On en était resté, à la fin du chapitre précédent, à cette phrase qui laissait déjà planer le suspense, laissant entendre que quelque chose allait se passer : « L’homme et sa femme sont nus tous les deux. Mais ils n’ont pas honte l’un devant l’autre. » (Gn 2.25)

Dès le début du chapitre 3 apparaîtra un nouveau personnage avec la figure du serpent. Avec lui, le mal, qui nous est extérieur, nous devient intérieur. Il devient le péché, le mal en nous. Et en cela, ce récit qui nous rejoint, dans notre lutte quotidienne face au mal.

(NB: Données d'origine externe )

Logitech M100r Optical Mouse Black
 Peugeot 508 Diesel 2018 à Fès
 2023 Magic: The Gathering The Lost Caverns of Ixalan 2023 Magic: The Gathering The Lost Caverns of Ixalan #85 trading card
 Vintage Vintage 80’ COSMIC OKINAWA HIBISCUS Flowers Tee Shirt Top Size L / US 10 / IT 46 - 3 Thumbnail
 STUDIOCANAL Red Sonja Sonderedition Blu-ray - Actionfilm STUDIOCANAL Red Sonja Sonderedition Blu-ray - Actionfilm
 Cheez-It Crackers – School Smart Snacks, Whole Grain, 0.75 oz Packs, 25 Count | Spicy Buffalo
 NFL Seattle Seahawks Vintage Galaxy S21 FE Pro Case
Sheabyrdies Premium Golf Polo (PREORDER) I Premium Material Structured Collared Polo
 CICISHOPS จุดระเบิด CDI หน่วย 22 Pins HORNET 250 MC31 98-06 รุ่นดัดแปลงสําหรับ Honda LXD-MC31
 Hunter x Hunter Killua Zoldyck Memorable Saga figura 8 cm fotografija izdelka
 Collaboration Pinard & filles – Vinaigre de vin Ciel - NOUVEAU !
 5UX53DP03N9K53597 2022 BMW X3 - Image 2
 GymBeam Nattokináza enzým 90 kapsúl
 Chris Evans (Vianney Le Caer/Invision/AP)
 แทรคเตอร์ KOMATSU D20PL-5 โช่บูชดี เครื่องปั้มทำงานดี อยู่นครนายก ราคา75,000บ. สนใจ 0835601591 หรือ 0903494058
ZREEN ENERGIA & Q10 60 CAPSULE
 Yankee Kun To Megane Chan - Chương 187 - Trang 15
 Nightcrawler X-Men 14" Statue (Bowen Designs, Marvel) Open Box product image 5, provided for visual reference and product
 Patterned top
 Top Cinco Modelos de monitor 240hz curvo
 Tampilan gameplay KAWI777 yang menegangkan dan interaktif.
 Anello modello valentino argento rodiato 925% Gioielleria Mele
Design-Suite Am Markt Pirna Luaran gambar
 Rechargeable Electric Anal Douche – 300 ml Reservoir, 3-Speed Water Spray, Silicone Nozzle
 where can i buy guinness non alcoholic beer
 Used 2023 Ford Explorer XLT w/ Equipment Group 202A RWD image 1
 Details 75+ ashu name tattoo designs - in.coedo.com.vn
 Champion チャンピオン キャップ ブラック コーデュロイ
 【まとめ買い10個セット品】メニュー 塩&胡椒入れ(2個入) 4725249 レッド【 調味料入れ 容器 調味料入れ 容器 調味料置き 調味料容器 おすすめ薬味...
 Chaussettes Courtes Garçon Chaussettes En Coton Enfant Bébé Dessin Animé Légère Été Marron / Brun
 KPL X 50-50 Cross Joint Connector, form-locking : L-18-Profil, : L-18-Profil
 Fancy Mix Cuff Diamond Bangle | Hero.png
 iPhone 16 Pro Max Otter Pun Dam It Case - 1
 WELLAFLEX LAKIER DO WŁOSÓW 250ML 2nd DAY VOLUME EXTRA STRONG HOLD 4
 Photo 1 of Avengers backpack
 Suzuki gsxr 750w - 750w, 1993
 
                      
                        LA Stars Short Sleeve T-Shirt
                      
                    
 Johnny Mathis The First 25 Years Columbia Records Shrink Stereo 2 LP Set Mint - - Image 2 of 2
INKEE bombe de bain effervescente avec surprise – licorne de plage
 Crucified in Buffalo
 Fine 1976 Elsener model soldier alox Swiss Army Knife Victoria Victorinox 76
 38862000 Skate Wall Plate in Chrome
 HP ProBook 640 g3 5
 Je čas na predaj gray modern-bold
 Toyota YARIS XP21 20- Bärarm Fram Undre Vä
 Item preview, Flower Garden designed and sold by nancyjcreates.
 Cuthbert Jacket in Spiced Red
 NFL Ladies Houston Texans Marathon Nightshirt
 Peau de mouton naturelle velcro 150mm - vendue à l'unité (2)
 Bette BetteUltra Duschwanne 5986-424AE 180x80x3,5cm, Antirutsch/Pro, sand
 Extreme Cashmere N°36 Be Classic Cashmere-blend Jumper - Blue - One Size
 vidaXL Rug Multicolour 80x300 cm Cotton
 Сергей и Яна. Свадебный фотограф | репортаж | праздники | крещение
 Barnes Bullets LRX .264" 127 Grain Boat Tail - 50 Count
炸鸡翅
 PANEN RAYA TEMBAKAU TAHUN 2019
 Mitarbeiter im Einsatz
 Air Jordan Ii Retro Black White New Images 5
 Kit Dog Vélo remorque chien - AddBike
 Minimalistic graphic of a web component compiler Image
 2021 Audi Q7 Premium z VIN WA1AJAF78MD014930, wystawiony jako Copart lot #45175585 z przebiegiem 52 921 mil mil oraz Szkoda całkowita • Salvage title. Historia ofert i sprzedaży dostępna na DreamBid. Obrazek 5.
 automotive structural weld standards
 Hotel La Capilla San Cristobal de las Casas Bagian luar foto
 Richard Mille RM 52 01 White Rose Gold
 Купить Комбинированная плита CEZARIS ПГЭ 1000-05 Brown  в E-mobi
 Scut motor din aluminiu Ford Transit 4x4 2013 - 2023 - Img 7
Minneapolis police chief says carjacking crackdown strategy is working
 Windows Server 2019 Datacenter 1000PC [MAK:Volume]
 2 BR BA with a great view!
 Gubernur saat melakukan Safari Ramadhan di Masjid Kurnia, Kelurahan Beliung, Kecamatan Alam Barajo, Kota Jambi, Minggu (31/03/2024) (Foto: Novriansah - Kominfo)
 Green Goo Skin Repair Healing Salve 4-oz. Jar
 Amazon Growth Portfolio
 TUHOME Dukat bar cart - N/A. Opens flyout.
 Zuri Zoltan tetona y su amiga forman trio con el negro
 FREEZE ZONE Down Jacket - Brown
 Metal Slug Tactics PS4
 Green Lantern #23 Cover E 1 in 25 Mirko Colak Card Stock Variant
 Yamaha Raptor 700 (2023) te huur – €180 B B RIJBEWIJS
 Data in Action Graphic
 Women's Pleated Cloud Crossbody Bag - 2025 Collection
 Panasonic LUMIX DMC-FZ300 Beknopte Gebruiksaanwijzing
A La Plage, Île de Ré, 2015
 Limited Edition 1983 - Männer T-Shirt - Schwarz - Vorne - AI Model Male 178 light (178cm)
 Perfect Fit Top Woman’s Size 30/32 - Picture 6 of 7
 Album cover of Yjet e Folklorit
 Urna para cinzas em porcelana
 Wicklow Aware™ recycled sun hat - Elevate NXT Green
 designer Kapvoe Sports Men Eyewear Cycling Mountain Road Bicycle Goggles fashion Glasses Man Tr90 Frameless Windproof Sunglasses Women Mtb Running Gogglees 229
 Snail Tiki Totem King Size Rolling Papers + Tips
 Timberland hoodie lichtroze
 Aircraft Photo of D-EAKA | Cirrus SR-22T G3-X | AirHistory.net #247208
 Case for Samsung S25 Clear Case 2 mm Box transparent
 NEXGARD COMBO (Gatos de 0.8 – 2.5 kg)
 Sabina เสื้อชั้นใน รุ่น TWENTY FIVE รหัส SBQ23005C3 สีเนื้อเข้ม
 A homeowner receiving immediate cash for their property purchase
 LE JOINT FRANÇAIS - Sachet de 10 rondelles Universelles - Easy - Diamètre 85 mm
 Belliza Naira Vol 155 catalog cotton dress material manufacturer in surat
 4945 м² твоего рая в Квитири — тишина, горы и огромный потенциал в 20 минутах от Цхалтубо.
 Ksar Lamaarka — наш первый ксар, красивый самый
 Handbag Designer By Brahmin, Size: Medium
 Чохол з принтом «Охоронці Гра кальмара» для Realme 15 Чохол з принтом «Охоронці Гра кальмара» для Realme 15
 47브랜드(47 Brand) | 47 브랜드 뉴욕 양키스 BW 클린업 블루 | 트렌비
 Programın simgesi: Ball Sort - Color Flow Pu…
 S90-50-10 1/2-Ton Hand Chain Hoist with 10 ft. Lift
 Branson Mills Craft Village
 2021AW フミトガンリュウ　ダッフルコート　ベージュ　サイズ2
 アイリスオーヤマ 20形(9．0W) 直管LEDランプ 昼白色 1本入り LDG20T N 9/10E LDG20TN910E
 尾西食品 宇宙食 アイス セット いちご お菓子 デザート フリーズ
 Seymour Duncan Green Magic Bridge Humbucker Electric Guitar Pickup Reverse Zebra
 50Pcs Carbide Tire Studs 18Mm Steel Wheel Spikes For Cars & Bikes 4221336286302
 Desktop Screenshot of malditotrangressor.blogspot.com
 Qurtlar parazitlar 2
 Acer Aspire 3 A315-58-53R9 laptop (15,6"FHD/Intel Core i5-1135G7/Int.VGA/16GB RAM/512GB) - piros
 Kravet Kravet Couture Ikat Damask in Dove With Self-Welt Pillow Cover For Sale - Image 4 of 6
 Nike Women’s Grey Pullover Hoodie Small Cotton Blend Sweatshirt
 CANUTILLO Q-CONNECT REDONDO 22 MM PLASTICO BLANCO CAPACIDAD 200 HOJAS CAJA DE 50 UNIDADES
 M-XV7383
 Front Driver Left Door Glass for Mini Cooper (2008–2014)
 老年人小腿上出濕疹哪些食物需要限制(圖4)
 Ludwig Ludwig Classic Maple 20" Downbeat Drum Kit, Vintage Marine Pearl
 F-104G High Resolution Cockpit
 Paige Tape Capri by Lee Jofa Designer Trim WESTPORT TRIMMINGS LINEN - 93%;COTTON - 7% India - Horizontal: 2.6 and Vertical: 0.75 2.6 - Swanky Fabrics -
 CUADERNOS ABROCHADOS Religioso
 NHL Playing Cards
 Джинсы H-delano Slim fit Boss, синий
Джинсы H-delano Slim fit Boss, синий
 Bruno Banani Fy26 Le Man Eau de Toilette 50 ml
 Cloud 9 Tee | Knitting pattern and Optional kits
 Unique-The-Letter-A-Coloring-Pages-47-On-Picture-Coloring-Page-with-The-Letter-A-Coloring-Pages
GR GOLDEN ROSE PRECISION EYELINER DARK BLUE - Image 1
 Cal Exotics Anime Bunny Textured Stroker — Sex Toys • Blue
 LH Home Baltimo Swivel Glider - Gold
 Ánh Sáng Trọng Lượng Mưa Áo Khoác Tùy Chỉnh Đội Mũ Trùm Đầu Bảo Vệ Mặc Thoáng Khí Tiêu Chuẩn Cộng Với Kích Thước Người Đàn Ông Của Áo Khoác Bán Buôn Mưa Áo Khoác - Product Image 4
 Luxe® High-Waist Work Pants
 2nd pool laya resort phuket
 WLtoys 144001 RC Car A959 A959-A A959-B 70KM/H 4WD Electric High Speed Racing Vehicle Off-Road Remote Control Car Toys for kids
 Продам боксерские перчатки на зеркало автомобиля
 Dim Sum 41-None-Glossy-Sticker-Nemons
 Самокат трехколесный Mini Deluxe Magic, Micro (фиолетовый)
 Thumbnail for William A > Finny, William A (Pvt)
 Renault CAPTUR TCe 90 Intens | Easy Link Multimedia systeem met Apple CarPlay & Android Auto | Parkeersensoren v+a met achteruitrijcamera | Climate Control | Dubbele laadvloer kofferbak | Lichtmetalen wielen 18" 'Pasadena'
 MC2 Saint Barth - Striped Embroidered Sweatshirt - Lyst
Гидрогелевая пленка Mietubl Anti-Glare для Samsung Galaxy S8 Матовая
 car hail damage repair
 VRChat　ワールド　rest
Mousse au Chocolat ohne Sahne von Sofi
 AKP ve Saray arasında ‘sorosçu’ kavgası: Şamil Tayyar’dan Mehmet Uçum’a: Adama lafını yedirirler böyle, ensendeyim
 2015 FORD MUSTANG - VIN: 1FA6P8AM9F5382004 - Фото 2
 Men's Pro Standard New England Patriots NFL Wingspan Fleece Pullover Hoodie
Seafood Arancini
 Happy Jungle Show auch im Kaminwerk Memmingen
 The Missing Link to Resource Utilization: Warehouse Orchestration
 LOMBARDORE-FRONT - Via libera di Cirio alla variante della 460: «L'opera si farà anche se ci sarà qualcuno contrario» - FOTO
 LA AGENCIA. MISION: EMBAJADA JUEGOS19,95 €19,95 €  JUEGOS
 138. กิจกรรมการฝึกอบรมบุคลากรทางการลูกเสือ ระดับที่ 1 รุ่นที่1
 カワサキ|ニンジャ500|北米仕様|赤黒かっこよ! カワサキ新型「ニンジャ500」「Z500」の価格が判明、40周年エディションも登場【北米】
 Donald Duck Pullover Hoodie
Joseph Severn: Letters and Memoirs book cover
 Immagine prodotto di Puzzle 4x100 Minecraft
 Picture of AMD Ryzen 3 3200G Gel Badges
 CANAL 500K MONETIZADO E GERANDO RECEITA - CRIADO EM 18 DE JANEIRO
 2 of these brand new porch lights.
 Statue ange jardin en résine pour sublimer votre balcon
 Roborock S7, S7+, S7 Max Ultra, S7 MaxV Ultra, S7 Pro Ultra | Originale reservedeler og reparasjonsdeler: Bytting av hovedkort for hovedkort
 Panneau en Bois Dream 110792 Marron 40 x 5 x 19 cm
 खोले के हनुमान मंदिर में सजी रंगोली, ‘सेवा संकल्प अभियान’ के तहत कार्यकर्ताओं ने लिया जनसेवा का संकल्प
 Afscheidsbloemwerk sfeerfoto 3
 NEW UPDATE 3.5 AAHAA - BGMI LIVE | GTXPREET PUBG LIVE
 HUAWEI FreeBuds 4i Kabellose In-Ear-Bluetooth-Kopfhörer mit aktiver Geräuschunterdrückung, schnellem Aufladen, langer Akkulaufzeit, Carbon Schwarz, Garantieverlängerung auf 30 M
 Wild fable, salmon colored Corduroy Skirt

Comme le texte est un peu long, je propose d’en diviser la lecture en cinq parties, que je commenterai l’une après l’autre.
1 Parmi les bêtes sauvages que le SEIGNEUR Dieu a faites, le serpent est le plus rusé. Il demande à la femme : « Est-ce que Dieu vous a vraiment dit : “Ne mangez aucun fruit du jardin” ? » 2 La femme répond au serpent : « Nous pouvons manger les fruits du jardin.
3 Mais pour l’arbre qui est au milieu du jardin, Dieu a dit : “Ne mangez pas ses fruits et n’y touchez pas ! Sinon, vous mourrez.” » 4 Le serpent répond à la femme : « Pas du tout ! Vous ne mourrez pas ! 5 Mais Dieu le sait bien : le jour où vous en mangerez, vos yeux s’ouvriront. Vous serez comme des dieux, vous pourrez savoir ce qui est bien ou mal. »

La suspicion

Lorsque le serpent apparaît, c’est pour mettre en doute la parole de Dieu. Ou plutôt pour instiller la suspicion dans le cœur de la femme. Quant à ce que Dieu a dit. Ou plus précisément, quant aux prétendues intentions cachées de Dieu… « Dieu ne vous a pas tout dit… »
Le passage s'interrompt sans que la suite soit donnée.